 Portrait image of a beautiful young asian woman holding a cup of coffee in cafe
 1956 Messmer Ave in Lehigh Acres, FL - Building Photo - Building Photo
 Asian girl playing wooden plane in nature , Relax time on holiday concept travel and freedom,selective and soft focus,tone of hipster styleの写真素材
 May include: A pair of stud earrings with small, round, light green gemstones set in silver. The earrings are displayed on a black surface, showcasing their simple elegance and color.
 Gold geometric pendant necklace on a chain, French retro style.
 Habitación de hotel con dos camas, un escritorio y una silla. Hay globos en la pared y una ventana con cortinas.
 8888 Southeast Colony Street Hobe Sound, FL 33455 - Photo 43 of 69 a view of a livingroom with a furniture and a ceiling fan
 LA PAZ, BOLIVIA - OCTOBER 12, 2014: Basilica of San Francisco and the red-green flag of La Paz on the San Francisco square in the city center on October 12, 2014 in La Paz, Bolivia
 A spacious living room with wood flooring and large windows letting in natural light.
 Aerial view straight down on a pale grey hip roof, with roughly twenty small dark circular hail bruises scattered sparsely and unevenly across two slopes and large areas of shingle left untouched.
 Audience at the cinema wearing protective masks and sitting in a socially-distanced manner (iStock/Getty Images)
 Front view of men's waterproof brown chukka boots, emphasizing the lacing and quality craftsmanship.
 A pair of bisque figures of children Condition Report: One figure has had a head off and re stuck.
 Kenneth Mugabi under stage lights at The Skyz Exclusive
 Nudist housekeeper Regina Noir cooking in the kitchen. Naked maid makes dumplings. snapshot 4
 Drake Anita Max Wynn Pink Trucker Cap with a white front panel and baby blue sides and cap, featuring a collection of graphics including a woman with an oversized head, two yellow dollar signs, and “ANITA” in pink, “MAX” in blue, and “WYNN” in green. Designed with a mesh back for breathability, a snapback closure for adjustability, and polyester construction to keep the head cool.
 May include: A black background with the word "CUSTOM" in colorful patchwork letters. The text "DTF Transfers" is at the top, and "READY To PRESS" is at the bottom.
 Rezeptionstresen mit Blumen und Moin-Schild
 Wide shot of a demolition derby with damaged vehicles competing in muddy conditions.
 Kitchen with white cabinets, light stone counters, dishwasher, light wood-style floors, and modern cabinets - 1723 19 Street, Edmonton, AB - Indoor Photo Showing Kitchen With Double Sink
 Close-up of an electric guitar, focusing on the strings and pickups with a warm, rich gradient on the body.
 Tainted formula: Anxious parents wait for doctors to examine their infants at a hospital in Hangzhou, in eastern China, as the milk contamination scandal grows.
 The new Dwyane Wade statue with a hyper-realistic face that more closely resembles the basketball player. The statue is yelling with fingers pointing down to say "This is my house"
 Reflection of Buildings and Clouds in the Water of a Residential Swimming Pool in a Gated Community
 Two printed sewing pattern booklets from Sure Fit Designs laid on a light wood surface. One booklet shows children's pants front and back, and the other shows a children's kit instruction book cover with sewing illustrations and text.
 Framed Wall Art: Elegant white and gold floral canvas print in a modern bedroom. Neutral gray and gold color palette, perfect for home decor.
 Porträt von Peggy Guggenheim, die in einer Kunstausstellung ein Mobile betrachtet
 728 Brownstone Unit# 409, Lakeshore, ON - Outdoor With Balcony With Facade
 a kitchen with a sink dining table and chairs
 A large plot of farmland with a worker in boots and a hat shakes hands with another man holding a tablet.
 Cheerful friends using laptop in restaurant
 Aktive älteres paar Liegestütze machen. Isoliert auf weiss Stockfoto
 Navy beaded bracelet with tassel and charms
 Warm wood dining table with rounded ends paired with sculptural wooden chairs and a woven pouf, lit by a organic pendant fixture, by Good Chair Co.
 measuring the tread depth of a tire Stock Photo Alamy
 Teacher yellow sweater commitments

§ **WHAT THE EXERCISE ASKS**:
Only one stretch of the data above is needed. Restate it word for word, from the line containing "Gold geometric pendant" through the line containing "A pair of bisque", both ends included.

§ **ANSWER BELOW**:
 Gold geometric pendant necklace on a chain, French retro style.
 Habitación de hotel con dos camas, un escritorio y una silla. Hay globos en la pared y una ventana con cortinas.
 8888 Southeast Colony Street Hobe Sound, FL 33455 - Photo 43 of 69 a view of a livingroom with a furniture and a ceiling fan
 LA PAZ, BOLIVIA - OCTOBER 12, 2014: Basilica of San Francisco and the red-green flag of La Paz on the San Francisco square in the city center on October 12, 2014 in La Paz, Bolivia
 A spacious living room with wood flooring and large windows letting in natural light.
 Aerial view straight down on a pale grey hip roof, with roughly twenty small dark circular hail bruises scattered sparsely and unevenly across two slopes and large areas of shingle left untouched.
 Audience at the cinema wearing protective masks and sitting in a socially-distanced manner (iStock/Getty Images)
 Front view of men's waterproof brown chukka boots, emphasizing the lacing and quality craftsmanship.
 A pair of bisque figures of children Condition Report: One figure has had a head off and re stuck.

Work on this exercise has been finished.